Task description » In the entries that follow, the line with "LCQSYE Auto-Reisebett-Klappmatratze Nicht" opens the range and the line with "Samanyolu yıldızlı koyu" closes it; repeat that range exactly, both lines included.

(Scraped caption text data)
# # #

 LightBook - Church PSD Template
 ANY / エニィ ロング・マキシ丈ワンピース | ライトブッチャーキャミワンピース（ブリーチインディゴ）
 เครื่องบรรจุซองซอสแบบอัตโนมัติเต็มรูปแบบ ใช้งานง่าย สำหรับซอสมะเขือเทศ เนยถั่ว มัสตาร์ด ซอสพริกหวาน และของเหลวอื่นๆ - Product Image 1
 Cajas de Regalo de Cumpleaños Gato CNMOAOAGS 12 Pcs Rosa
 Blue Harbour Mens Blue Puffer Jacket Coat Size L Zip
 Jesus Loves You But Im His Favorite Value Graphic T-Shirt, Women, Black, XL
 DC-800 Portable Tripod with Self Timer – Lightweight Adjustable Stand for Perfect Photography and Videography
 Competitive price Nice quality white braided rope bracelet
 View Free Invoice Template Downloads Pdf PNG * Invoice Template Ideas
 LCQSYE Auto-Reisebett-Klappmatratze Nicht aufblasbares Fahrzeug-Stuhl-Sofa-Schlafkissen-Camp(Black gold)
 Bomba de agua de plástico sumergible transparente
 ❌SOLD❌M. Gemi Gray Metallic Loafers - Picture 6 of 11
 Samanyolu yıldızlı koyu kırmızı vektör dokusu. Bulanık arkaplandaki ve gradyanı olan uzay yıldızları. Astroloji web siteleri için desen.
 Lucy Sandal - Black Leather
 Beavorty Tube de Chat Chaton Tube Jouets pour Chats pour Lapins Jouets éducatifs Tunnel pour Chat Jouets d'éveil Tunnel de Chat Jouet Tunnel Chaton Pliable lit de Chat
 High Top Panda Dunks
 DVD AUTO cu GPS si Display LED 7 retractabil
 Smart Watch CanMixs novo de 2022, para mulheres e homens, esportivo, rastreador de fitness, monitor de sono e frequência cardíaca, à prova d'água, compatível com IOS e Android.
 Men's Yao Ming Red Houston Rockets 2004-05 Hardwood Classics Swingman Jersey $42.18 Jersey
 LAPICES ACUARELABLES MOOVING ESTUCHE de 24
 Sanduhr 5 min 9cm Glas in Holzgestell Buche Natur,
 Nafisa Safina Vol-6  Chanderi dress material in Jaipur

# # #

Task answer »
 LCQSYE Auto-Reisebett-Klappmatratze Nicht aufblasbares Fahrzeug-Stuhl-Sofa-Schlafkissen-Camp(Black gold)
 Bomba de agua de plástico sumergible transparente
 ❌SOLD❌M. Gemi Gray Metallic Loafers - Picture 6 of 11
 Samanyolu yıldızlı koyu kırmızı vektör dokusu. Bulanık arkaplandaki ve gradyanı olan uzay yıldızları. Astroloji web siteleri için desen.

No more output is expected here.